Face à cette normalisation artificielle de la vérité, il nous revient de développer, à notre échelle individuelle, des stratégies de résistance et d'usage critique de l'intelligence artificielle.
Première attitude essentielle : maintenir ce qu'Adorno appelait une “dialectique négative” face aux certitudes technologiques. Cela implique de considérer systématiquement chaque réponse d'IA non comme un énoncé définitif, mais comme une proposition à examiner. Cette méfiance n'est pas de la paranoïa, mais une forme de respect pour sa propre intelligence critique. Quand un système d'IA nous présente une information avec assurance, nous devons nous demander : sur quoi cette assurance repose-t-elle réellement ?
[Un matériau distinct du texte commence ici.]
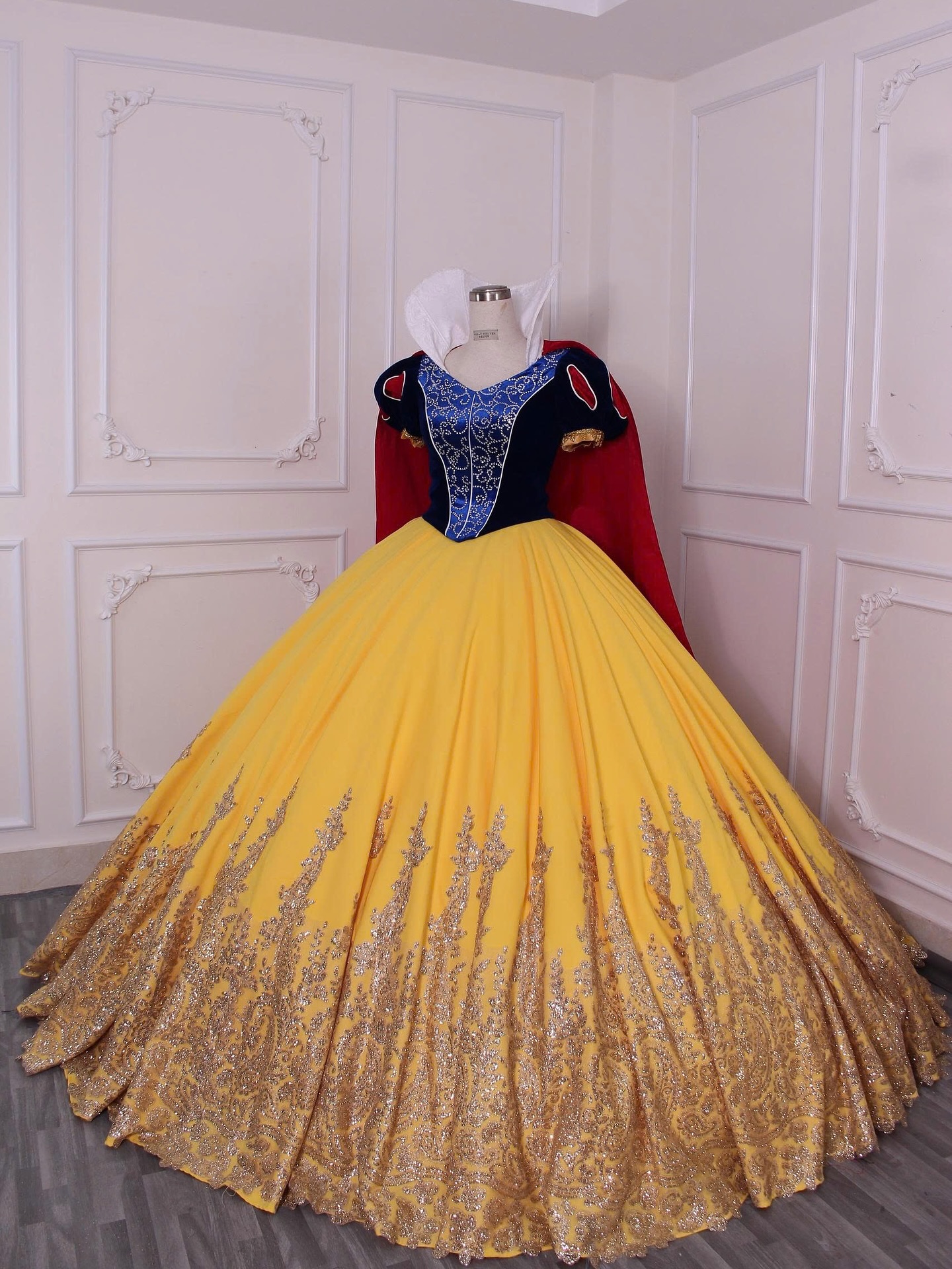 snow white gold dress Which version of the do you like more: full length or knee length? 🥰 girls dress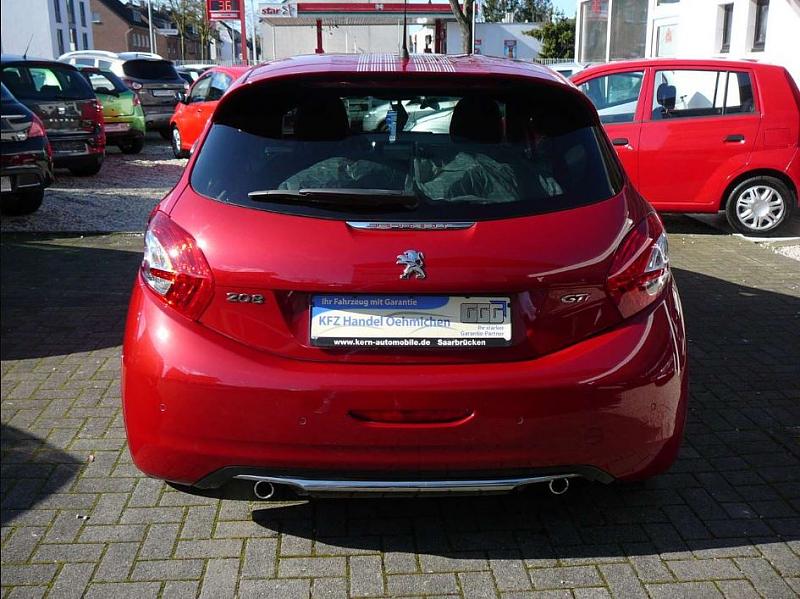 Cliquez sur l'image pour l'afficher en taille normale

Nom : 208gti_01_04.jpg 
Affichages : 187 
Taille : 93.6 Ko 
ID : 16848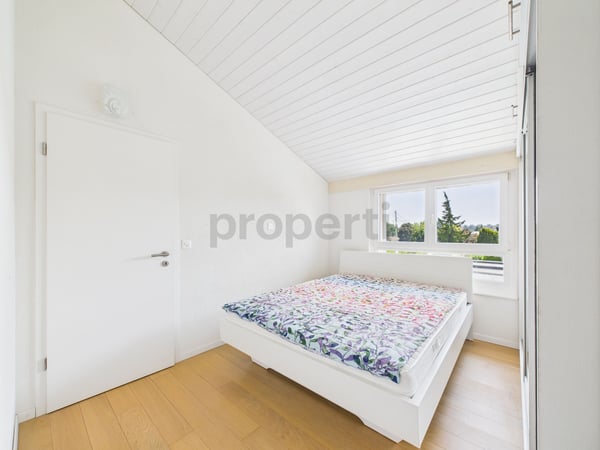 Appartement meublé avec terrasse à 2 pas de lONU  calme, confort & services inclus 6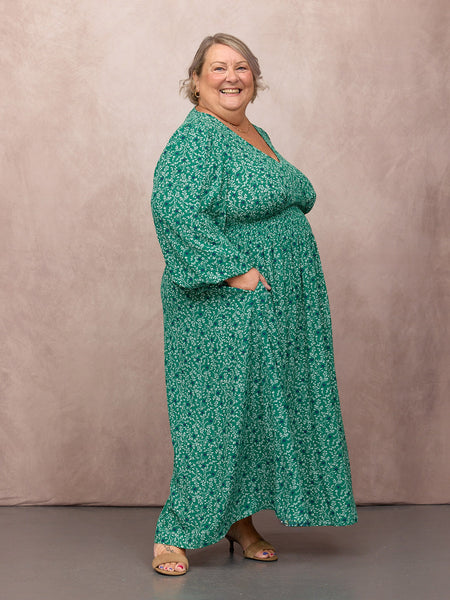 Lesley wears size 24 Regular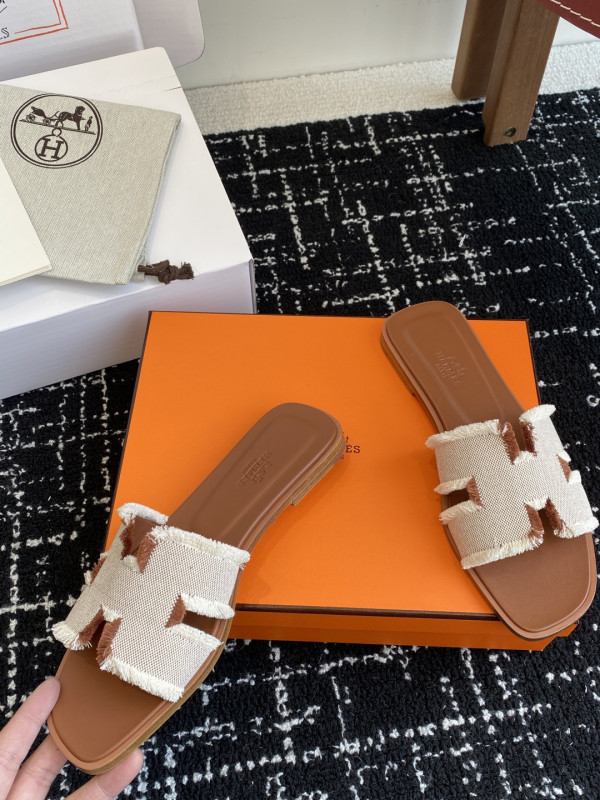 H**mes sandals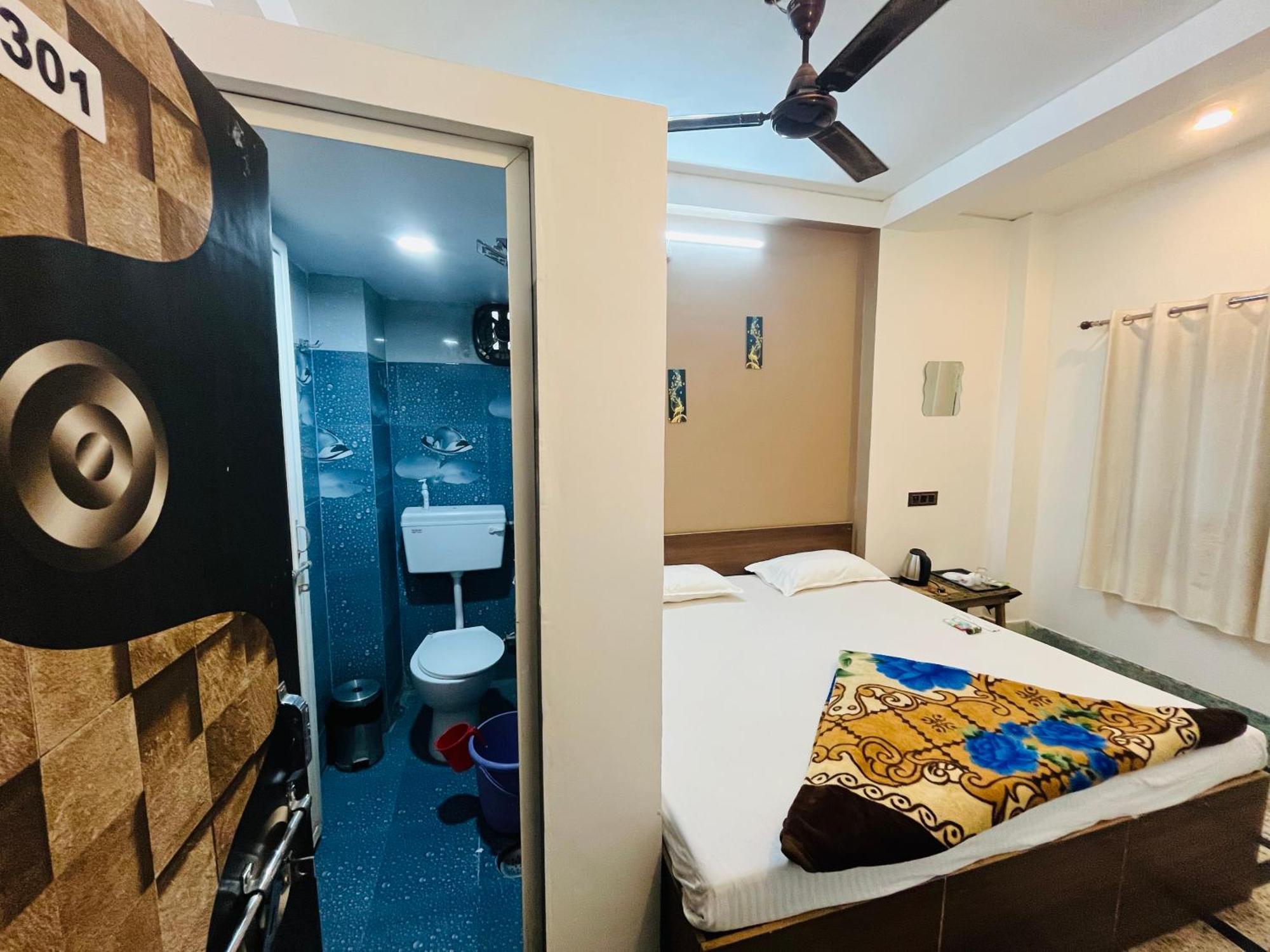 Ganga Guest House Варанаси Экстерьер фото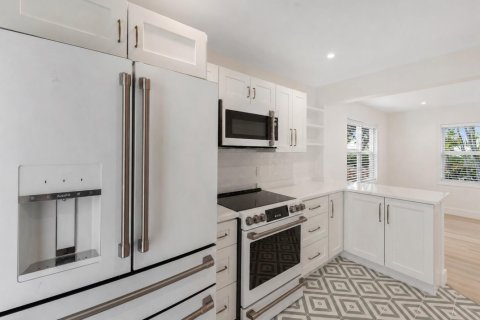House in West Palm Beach, Florida 2 bedrooms, 71.35 sq.m. № 2276109 - photo 4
2e attitude : ne jamais s'en remettre à une seule source, fût-elle technologiquement sophistiquée. Il faut maintenir l'habitude de la triangulation : confronter les réponses de l'IA avec d'autres sources, chercher des perspectives divergentes, questionner les présupposés. Cette pratique, certes plus exigeante, préserve notre autonomie intellectuelle face à l'autorité potentiellement trompeuse de la machine.
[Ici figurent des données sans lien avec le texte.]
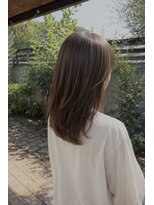 テントヘアー(tent hair) 30代からの“柔らか艶ミディアム”自然光で映える大人ヘア
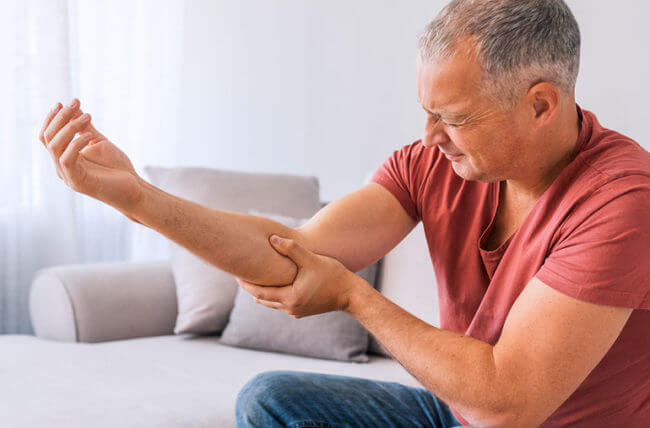 Arm Pain can be treated through Sports Therapy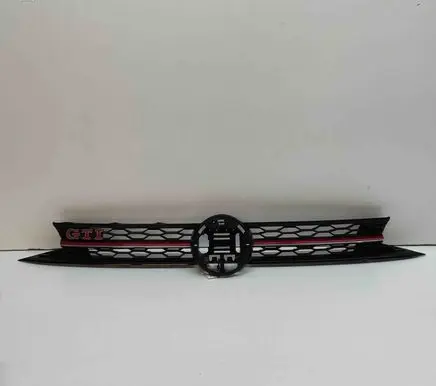 Volkswagen Polo VI Front grill 2G0853651J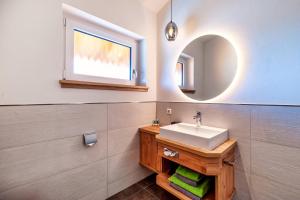 ein Bad mit einem Waschbecken und einem Spiegel in der Unterkunft Landhotel zum Wagen in Achern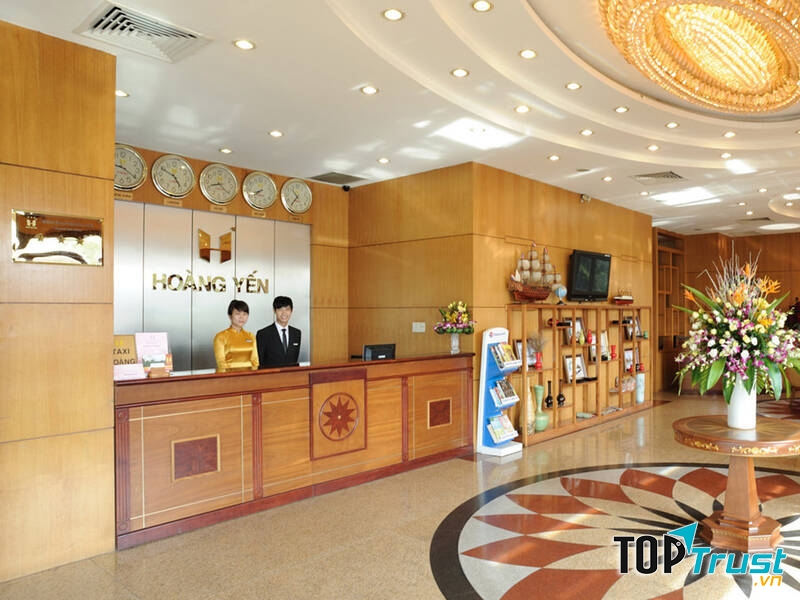 Sảnh khách sạn Hoàng Yến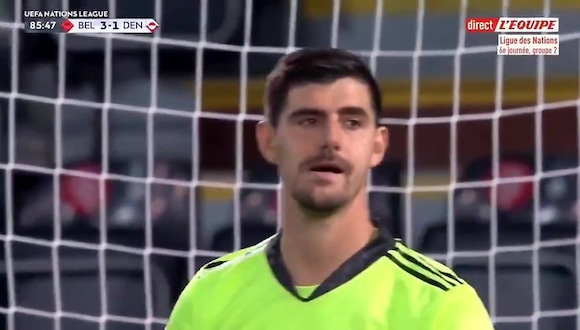 Thibaut Courtois y el blooper en el Bélgica vs. Dinamarca. (Fuente: L'Equipe)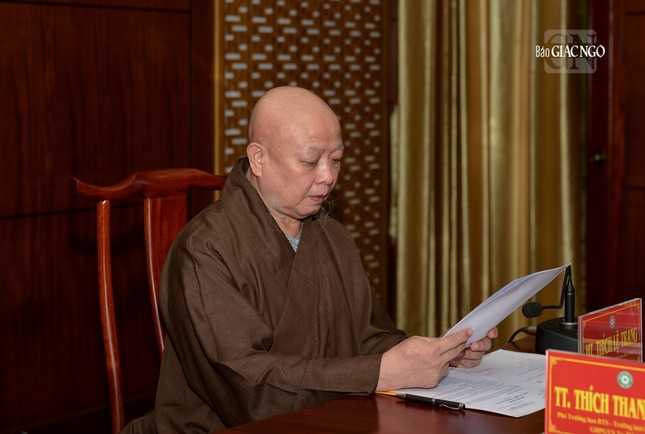 Hòa thượng Thích Lệ Trang chủ trì buổi họp của Ban Thường trực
3e attitude : interroger explicitement l'IA sur ses propres limites : “Quelles sont les sources de cette information ?”, “Quels biais pourraient affecter cette réponse ?”, “Sur quels points êtes-vous incertain ?”. Même si les systèmes actuels ne révèlent pas spontanément leurs doutes, les pousser à réfléchir sur leurs propres processus peut révéler des nuances importantes et nous rappeler leur nature non-omnisciente.
4e attitude : préserver les espaces de réflexion autonome, maintenir des moments de réflexion qui ne passent pas par la médiation de l'IA. Adorno insistait sur l'importance de préserver des espaces de pensée non-instrumentalisée. Avant de consulter une IA, prenons le temps de formuler notre propre réflexion sur la question. Après avoir reçu une réponse, accordons-nous un moment pour l'évaluer plutôt que de l'accepter immédiatement. Cette pratique maintient vivace notre capacité de jugement autonome.
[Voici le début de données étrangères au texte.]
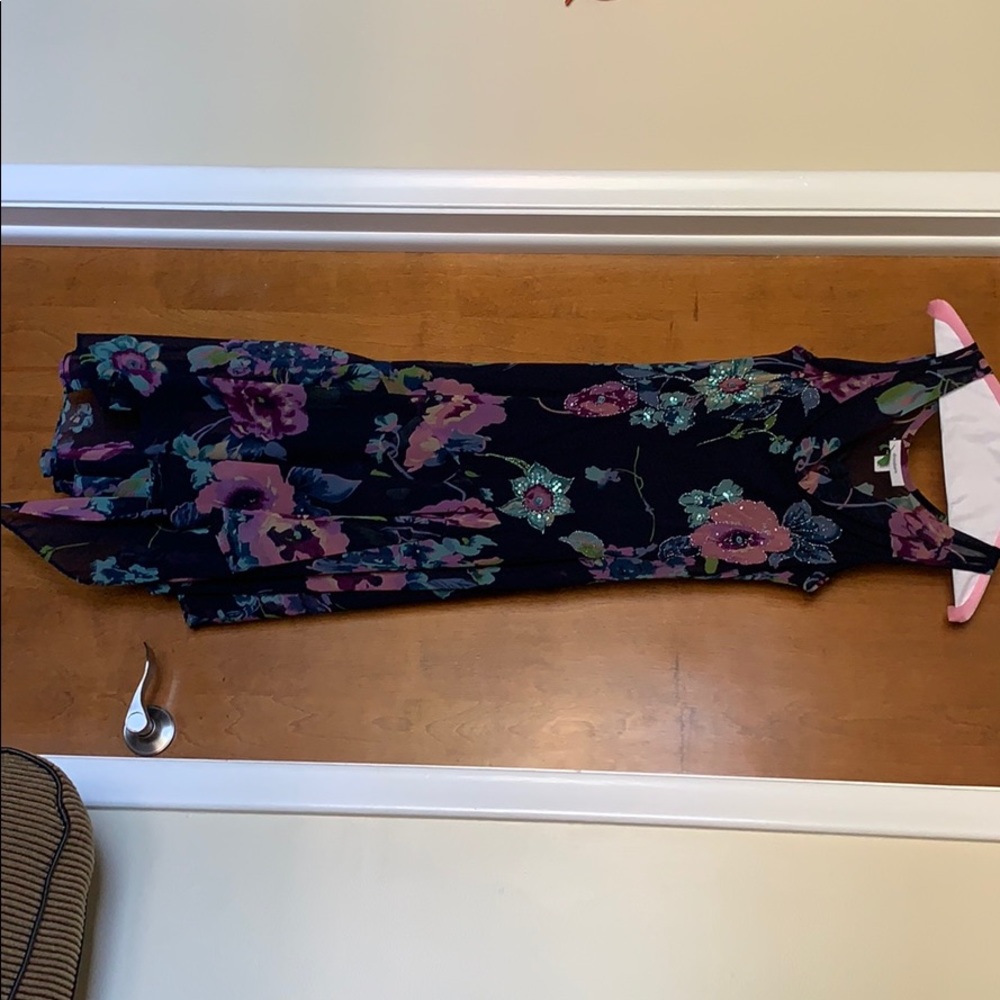 Floral designed thick strap dress - Picture 3 of 6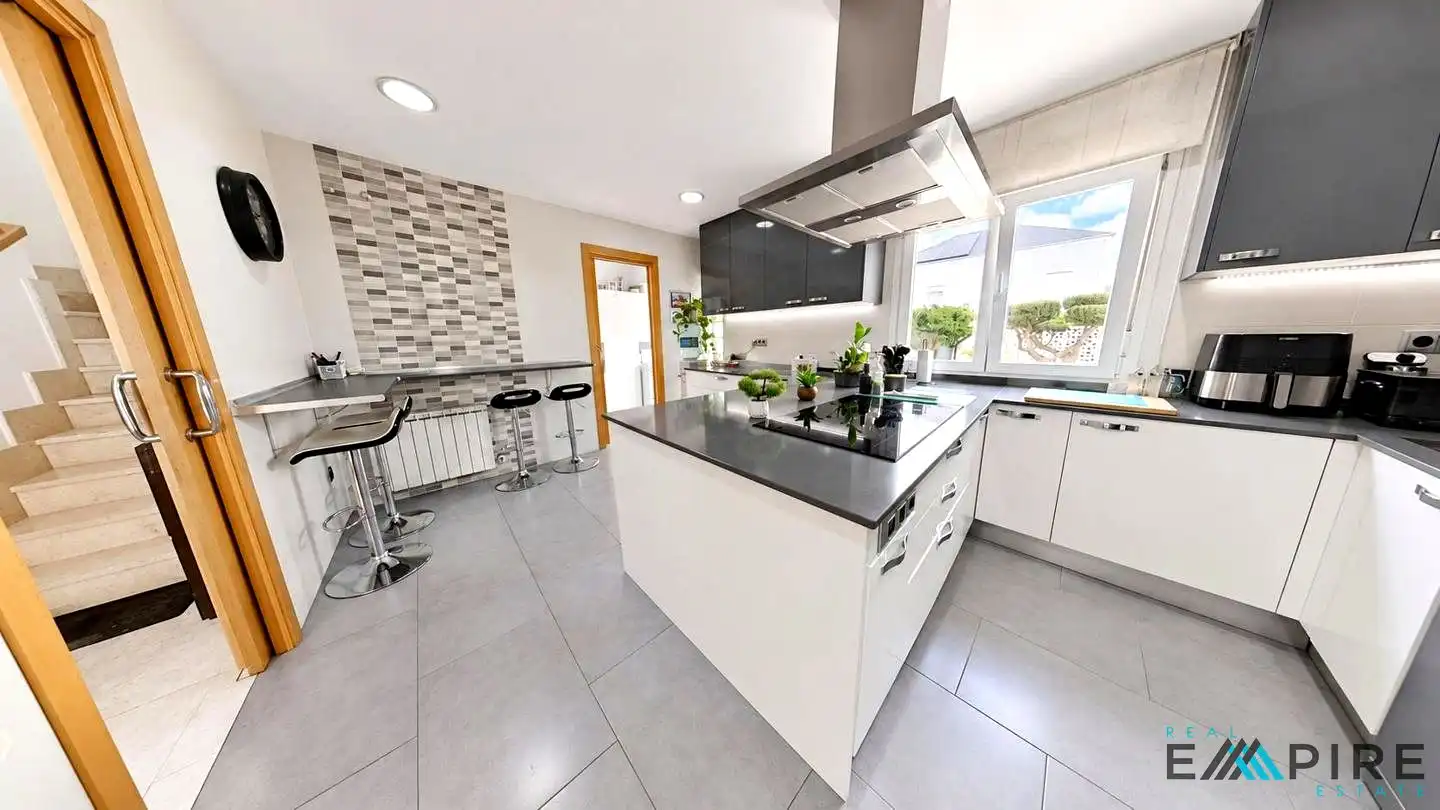 Semi-detached house with pool for sale in Ugena, imagen 29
5e attitude : résister à l'efficacité immédiate. La force de séduction de l'IA réside souvent dans sa capacité à fournir des réponses rapides et apparemment complètes. Résister à cette séduction implique d'accepter parfois la lenteur, l'incertitude, l'effort. Comme le suggérait Adorno, la vérité authentique requiert souvent un détour, une résistance aux solutions trop immédiates. Prendre le temps de la réflexion personnelle, même quand une réponse instantanée est disponible, constitue un acte de préservation de notre humanité intellectuelle.
6e attitude : cultiver l'art de la question. Plutôt que de chercher dans l'IA une source d'autorité, nous pouvons la traiter comme un partenaire de questionnement. L'utiliser pour approfondir nos interrogations plutôt que pour les clore, pour explorer différentes perspectives plutôt que pour confirmer nos présupposés. Cette approche transforme l'interaction d'une logique de consommation d'information en une pratique de développement de la pensée critique.
Ces stratégies individuelles ne résoudront évidemment pas les problèmes systémiques liés à l'industrialisation de l'intelligence artificielle. Elles constituent cependant une forme de résistance quotidienne possible à ce qu'Adorno aurait probablement qualifié de “réification technologique” de la pensée. En préservant notre capacité de doute, de questionnement et de réflexion autonome, nous maintenons ouverte – du moins nous asseyons de maintenir – la possibilité d'une relation authentique à la vérité, même dans un environnement technologique qui tend à l'instrumentaliser.
L'enjeu ultime n'est pas de rejeter les outils, mais de refuser qu'ils nous crétinisent. Face à l'IA, nous devons rester des sujets pensants plutôt que de devenir des consommateurs passifs d'intelligibilité préfabriquée.